Why You Should Minimize BPA to Optimize Fertility (& Health)

bpa detoxification fertility preconception

BPA is also known as Bisphenol-A. It's an industrial chemical most commonly used in the commercial manufacturing of plastics. It's added to many products like plastic water bottles, personal care products, baby bottles, food containers, aluminum cans, and other things.

Unlinked BPA molecules can leach out into whatever it's coming into contact with, like water, milk, soup...even our hands and into our bloodstream.

Why is this a problem? BPA mimics the structure and function of the hormone Estrogen, and can bind to its receptors. This can affect our hormonal balance and bodily processes, including thyroid and reproductive functions.

BPA was first created in 1981, but wasn't used for commercial purposes until later. As early as the 1930s, the estrogenic properties of BPA were discovered. This was by Edward Charles Dodds, who also discovered the similarly-structured synthetic estrogen known as diethylstilbestrol  (DES), which was banned in 1971.

In the 1950s, BPA started to be used in epoxy resins, plastics, food can lining, adhesives, non-skid coatings, and piping. Use expanded to hard plastics, thermal receipt paper, electronics, and other daily items.

Females with BPA exposure can have increased fertility challenges.

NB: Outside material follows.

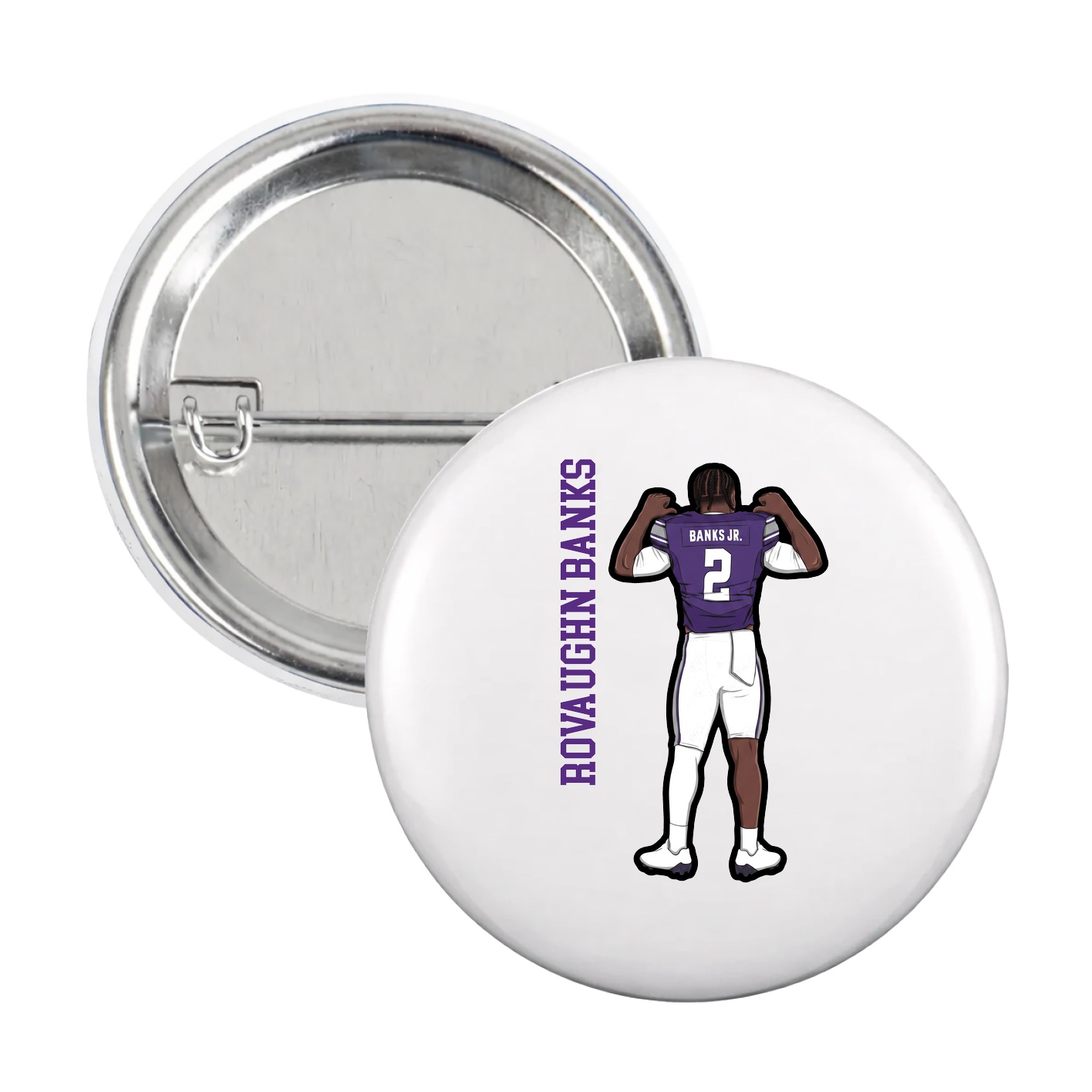 Game Day Button — Name Vertical in White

∿There is an 83% risk of miscarriage during the 1st trimester for women with the highest levels of conjugated BPA.

∿Female offspring of women with high exposure to BPA have shorter anogenital distance (AGD).

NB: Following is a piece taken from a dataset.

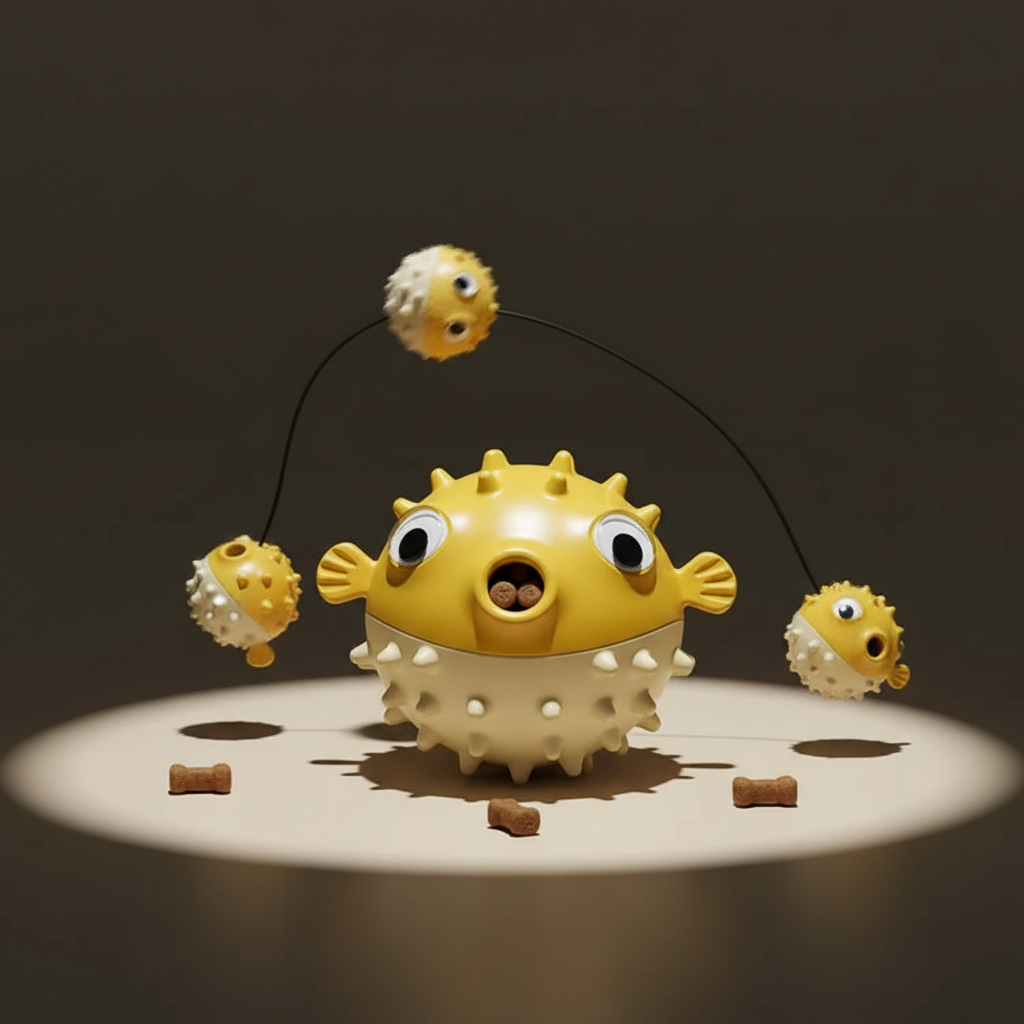 Interactive Dog Chew Toy with Treat Dispenser & Squeaky Features for Dental Health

∿Women with PCOS tend to have higher levels of BPA in their blood than those without.

∿Early and adult exposure to BPA correlates with poor egg quality, which is a possible cause of premature ovarian failure and early menopause.

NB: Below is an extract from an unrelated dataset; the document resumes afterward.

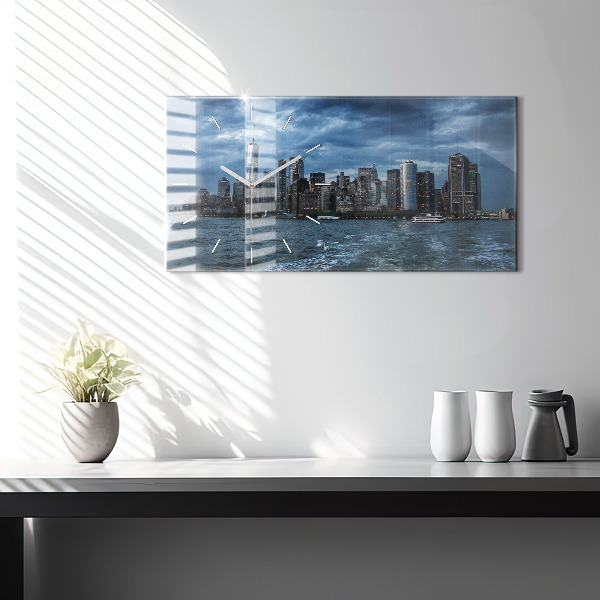 Horizontal wall clock New York City Panorama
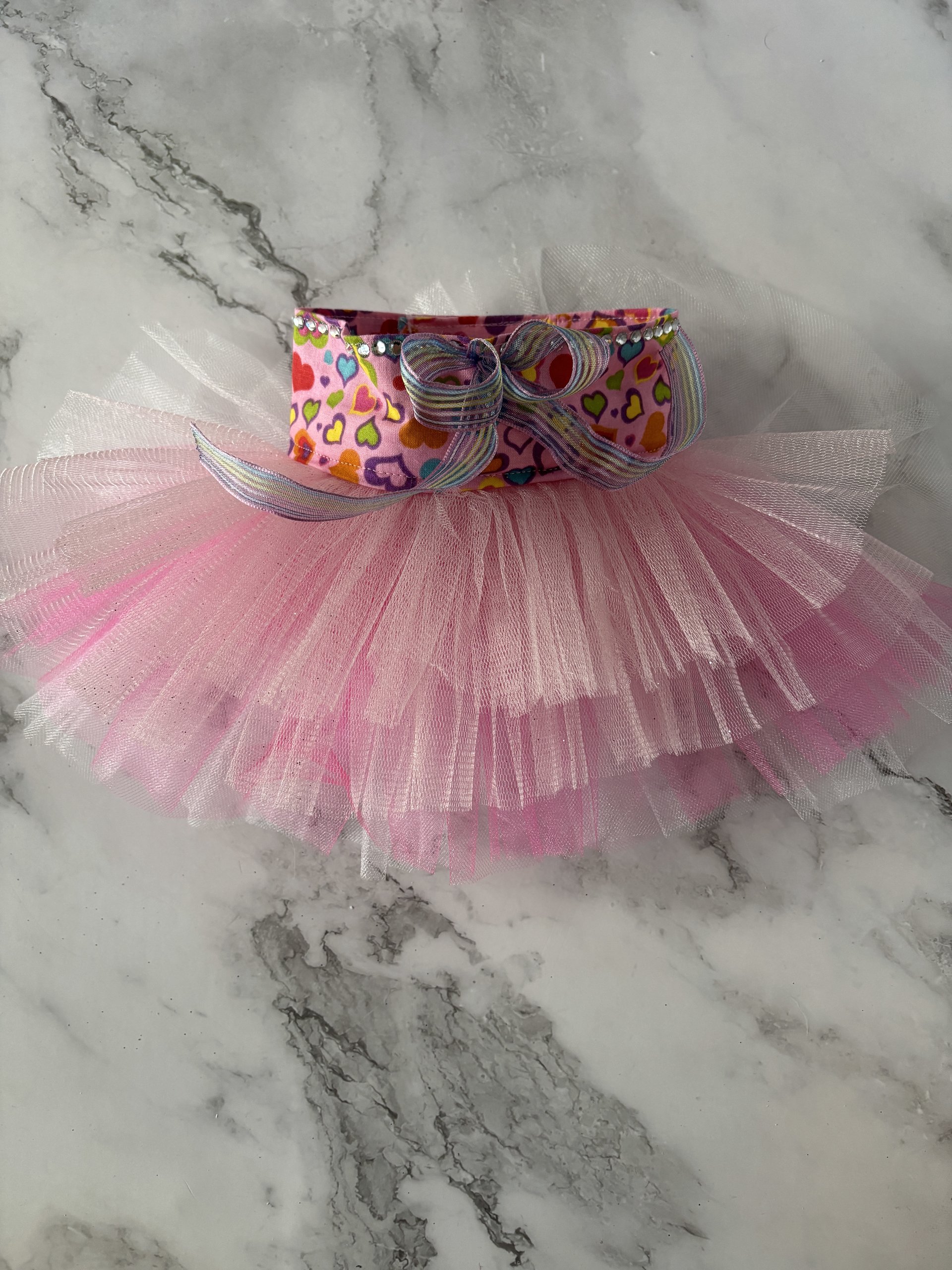Heart and Love Pink Tutu skirt for small breed dog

Males with BPA exposure can have decreased sperm quality, genital changes, and decreased masculine behaviors.

∿Men with BPA in their urine were more than 4X likely to have lower sperm counts, more than 3X likely to have poorer sperm vitality, and more than 2X likely to have lower sperm motility than those without BPA in their urine.



∿Male offspring of men with high exposure to BPA have shorter anogenital distance (AGD).

∿In animal studies, offspring to who were exposed to BPA in the womb were found to exhibit increased female behavioral traits.

∿BPA is connected to hyperactivity and behavioral problems in children. In animal studies, transgenerational exposure to BPA may contribute to autism. Dr. Ray Peat has discussed estrogen's "excitatory" effects:

"When estrogen's effects overlap with the stimulating effects of other hormones, such as pituitary hormones, particular organs undergo something similar to “excitotoxicity.”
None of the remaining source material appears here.